Fredericton — It’s that time of year again. Children across the Maritimes have begun gathering materials to put together their scariest and most creative Halloween costumes for trick-or-treating. Costume construction has always been a competitive activity, but an 11-year-old Fredericton boy has one that he believes “Trumps” the rest.
Youngster Johnathan Miller will be sporting a tailored suit, comb-over, and a bigoted outlook on life this Halloween as a pint-sized impression of presidential candidate Donald Trump. His mother, Sheri, describes her son as a “stickler for accuracy,” meaning Williams has been studying up by watching the debates on TV and practising his character for the past few weeks on his family and friends.
His mother added, “We thought it was cute at first, but as soon as he told me that he planned to outsource his house chores to the Chinese kids down the street, I knew we were in for trouble.”

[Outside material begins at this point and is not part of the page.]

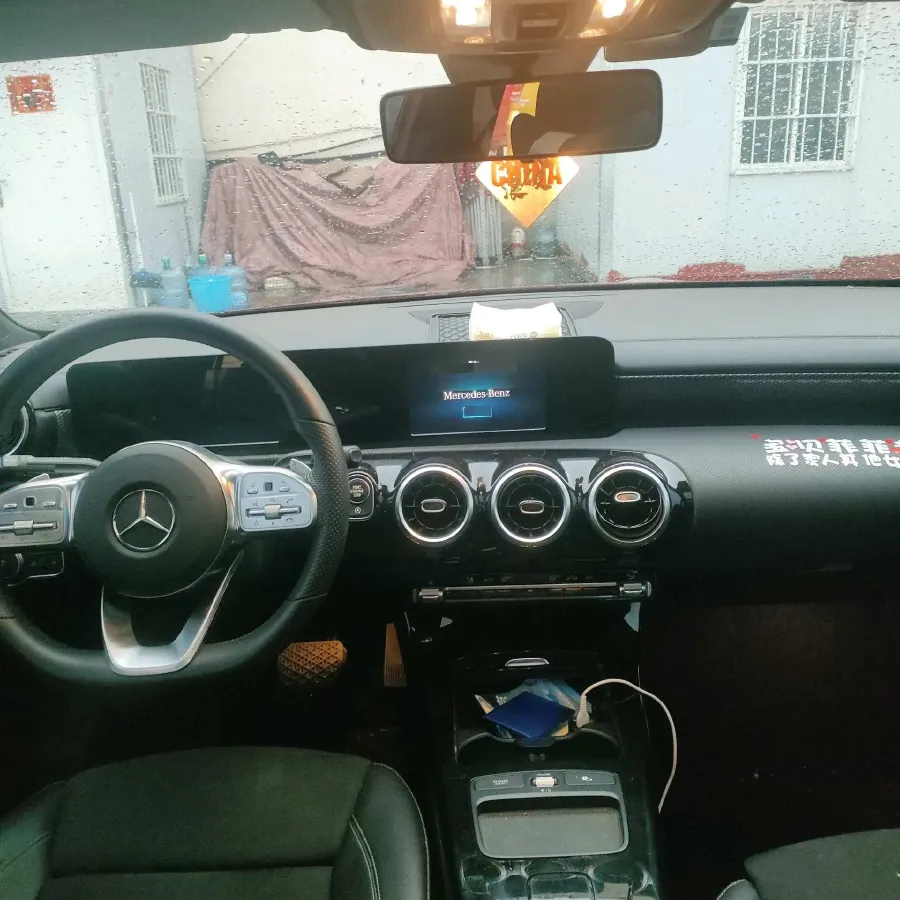 2020 Mercedes-Benz A Class 1.3T 136HP L4 7DCT,autocango,china used car exporter,china ev exporter,chinese used car exporter,chinese used ev exporter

Johnathan’s parents have also received several calls from his middle school informing them of their son’s in-class antics. According to Johnathan’s Grade 6 English teacher, his platform for running for class president mimicked many of the outlandish claims of the U.S. presidential hopeful.
His list of demands included: a wall to be built on the schoolyard separating the popular kids from the rest of the student populous, changing of the school motto from “shaping the minds of the future” to “ignorance is bliss,” and his own personal diplomatic immunity on many school no-no’s, such as PDA (public displays of affection), freedom to speak without hand being raised, and monkey-butt privileges in the cafeteria lunch line.
The Manatee asked Johnathan why he picked this costume. “Trump is a man who gets what he wants, and I want candy. I want all the candy! I really just want to grab this Halloween by the pu–,” he said before his mother’s swift hand clasped over his mouth.